┌─ Records shown

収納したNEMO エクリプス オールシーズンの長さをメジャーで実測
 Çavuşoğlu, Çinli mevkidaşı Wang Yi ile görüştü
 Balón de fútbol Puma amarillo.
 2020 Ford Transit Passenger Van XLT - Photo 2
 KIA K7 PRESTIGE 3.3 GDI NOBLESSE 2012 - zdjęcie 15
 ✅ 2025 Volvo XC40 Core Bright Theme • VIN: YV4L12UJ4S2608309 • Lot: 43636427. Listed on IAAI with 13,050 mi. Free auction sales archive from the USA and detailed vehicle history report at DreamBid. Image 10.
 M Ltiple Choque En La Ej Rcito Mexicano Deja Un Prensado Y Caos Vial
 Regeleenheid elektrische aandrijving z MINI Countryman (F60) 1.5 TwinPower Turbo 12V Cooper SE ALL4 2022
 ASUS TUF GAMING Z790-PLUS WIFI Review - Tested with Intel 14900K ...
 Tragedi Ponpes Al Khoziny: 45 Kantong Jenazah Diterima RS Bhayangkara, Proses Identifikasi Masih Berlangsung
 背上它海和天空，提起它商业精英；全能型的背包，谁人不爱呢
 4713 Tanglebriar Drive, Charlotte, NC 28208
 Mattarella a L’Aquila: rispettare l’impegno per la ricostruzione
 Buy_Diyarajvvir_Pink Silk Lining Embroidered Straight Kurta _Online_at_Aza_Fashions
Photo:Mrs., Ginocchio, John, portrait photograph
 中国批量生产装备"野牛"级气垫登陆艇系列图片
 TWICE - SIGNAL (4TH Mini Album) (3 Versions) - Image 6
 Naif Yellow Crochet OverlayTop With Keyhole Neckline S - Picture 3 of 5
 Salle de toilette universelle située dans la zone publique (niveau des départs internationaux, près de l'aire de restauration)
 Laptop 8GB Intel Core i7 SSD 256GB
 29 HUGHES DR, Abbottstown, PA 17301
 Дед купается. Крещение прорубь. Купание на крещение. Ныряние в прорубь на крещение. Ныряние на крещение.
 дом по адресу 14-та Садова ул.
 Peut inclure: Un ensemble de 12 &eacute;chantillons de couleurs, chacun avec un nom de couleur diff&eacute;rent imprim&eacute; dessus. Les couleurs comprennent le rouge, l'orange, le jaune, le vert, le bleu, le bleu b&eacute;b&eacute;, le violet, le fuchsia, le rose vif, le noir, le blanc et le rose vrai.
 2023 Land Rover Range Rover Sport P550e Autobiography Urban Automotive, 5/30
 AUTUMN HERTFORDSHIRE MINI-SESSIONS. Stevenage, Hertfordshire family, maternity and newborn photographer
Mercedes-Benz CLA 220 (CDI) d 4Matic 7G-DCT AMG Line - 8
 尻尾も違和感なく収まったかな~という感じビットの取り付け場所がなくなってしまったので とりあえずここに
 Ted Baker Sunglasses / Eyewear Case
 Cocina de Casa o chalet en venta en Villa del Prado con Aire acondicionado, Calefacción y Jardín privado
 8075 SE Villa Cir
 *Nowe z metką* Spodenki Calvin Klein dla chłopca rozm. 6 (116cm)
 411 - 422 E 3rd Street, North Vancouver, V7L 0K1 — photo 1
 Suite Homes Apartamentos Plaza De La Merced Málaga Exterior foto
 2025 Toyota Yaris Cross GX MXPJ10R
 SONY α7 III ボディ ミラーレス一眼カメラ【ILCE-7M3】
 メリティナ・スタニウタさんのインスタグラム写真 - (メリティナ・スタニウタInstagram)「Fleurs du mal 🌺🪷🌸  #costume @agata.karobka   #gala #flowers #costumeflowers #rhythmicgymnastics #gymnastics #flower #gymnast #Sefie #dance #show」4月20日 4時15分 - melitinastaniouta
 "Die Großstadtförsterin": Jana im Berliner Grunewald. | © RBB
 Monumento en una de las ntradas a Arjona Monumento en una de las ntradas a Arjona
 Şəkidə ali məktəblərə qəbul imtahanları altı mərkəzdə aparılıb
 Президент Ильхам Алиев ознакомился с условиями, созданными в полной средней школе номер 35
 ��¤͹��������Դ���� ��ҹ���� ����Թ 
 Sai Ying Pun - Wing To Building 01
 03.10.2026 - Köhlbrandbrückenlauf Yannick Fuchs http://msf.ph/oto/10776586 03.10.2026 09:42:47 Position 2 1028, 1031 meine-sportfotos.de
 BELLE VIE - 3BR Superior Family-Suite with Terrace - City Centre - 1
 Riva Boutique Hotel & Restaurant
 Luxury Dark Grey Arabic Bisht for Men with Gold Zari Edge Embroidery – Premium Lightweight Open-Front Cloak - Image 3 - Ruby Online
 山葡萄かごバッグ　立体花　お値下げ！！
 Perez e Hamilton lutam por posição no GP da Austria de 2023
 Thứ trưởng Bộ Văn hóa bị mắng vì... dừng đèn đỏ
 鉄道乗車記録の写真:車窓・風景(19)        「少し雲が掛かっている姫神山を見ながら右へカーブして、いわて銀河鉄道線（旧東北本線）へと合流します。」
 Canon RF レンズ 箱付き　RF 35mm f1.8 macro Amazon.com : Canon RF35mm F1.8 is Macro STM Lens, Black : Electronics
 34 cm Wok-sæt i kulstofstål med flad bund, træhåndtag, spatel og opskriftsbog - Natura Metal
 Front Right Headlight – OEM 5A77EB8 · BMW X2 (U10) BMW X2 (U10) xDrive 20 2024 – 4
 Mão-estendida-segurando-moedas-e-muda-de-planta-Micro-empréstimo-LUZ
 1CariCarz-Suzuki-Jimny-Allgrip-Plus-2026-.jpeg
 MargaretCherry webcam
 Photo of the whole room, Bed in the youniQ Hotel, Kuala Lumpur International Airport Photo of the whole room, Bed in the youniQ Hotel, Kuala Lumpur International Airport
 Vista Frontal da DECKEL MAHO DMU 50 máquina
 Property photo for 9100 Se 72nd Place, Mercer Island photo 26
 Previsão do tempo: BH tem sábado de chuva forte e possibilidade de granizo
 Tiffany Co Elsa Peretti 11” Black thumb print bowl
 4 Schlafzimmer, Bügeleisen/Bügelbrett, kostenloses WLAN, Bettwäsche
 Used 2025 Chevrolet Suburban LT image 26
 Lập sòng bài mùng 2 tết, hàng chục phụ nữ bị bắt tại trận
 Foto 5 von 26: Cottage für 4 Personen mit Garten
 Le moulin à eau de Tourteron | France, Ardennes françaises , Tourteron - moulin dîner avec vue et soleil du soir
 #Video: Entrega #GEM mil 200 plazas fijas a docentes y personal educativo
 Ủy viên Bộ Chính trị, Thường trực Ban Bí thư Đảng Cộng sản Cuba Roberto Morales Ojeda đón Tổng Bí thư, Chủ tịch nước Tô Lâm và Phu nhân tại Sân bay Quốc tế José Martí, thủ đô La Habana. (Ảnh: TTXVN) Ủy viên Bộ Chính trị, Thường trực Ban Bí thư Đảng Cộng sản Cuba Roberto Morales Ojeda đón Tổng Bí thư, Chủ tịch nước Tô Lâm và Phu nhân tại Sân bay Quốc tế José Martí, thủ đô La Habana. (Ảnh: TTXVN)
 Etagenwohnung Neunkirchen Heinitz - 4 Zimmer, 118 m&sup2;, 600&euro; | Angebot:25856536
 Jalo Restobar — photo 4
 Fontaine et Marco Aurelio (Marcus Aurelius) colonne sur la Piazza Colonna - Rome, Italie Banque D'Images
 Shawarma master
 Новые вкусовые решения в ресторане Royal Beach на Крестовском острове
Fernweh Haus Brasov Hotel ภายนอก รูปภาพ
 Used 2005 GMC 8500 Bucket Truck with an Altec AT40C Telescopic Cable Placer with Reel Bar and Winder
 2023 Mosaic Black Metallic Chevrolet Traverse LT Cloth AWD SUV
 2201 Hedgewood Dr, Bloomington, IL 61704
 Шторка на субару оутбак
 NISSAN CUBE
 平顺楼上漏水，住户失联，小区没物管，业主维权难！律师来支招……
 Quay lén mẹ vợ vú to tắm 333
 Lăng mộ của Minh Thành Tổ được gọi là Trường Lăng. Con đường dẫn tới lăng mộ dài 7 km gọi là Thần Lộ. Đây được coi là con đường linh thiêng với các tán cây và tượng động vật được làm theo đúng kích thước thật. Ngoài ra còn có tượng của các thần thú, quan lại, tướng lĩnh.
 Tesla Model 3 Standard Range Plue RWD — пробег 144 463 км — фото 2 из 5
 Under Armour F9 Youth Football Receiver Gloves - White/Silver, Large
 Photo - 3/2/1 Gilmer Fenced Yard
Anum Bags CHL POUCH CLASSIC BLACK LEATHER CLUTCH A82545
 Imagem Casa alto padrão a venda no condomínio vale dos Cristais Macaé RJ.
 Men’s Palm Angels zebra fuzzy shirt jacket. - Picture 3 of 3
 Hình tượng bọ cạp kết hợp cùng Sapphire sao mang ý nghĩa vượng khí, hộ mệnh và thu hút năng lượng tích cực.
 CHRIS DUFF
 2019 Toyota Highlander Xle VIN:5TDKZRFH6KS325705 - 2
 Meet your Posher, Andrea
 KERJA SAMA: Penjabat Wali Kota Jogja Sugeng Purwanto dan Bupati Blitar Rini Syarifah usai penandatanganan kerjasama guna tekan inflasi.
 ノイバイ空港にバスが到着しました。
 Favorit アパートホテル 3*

└─

Print exactly the lines of the listing above starting at the line containing "03.10.2026 - Köhlbrandbrückenlauf" and ending at the line containing "Le moulin à", both included.

 03.10.2026 - Köhlbrandbrückenlauf Yannick Fuchs http://msf.ph/oto/10776586 03.10.2026 09:42:47 Position 2 1028, 1031 meine-sportfotos.de
 BELLE VIE - 3BR Superior Family-Suite with Terrace - City Centre - 1
 Riva Boutique Hotel & Restaurant
 Luxury Dark Grey Arabic Bisht for Men with Gold Zari Edge Embroidery – Premium Lightweight Open-Front Cloak - Image 3 - Ruby Online
 山葡萄かごバッグ　立体花　お値下げ！！
 Perez e Hamilton lutam por posição no GP da Austria de 2023
 Thứ trưởng Bộ Văn hóa bị mắng vì... dừng đèn đỏ
 鉄道乗車記録の写真:車窓・風景(19)        「少し雲が掛かっている姫神山を見ながら右へカーブして、いわて銀河鉄道線（旧東北本線）へと合流します。」
 Canon RF レンズ 箱付き　RF 35mm f1.8 macro Amazon.com : Canon RF35mm F1.8 is Macro STM Lens, Black : Electronics
 34 cm Wok-sæt i kulstofstål med flad bund, træhåndtag, spatel og opskriftsbog - Natura Metal
 Front Right Headlight – OEM 5A77EB8 · BMW X2 (U10) BMW X2 (U10) xDrive 20 2024 – 4
 Mão-estendida-segurando-moedas-e-muda-de-planta-Micro-empréstimo-LUZ
 1CariCarz-Suzuki-Jimny-Allgrip-Plus-2026-.jpeg
 MargaretCherry webcam
 Photo of the whole room, Bed in the youniQ Hotel, Kuala Lumpur International Airport Photo of the whole room, Bed in the youniQ Hotel, Kuala Lumpur International Airport
 Vista Frontal da DECKEL MAHO DMU 50 máquina
 Property photo for 9100 Se 72nd Place, Mercer Island photo 26
 Previsão do tempo: BH tem sábado de chuva forte e possibilidade de granizo
 Tiffany Co Elsa Peretti 11” Black thumb print bowl
 4 Schlafzimmer, Bügeleisen/Bügelbrett, kostenloses WLAN, Bettwäsche
 Used 2025 Chevrolet Suburban LT image 26
 Lập sòng bài mùng 2 tết, hàng chục phụ nữ bị bắt tại trận
 Foto 5 von 26: Cottage für 4 Personen mit Garten
 Le moulin à eau de Tourteron | France, Ardennes françaises , Tourteron - moulin dîner avec vue et soleil du soir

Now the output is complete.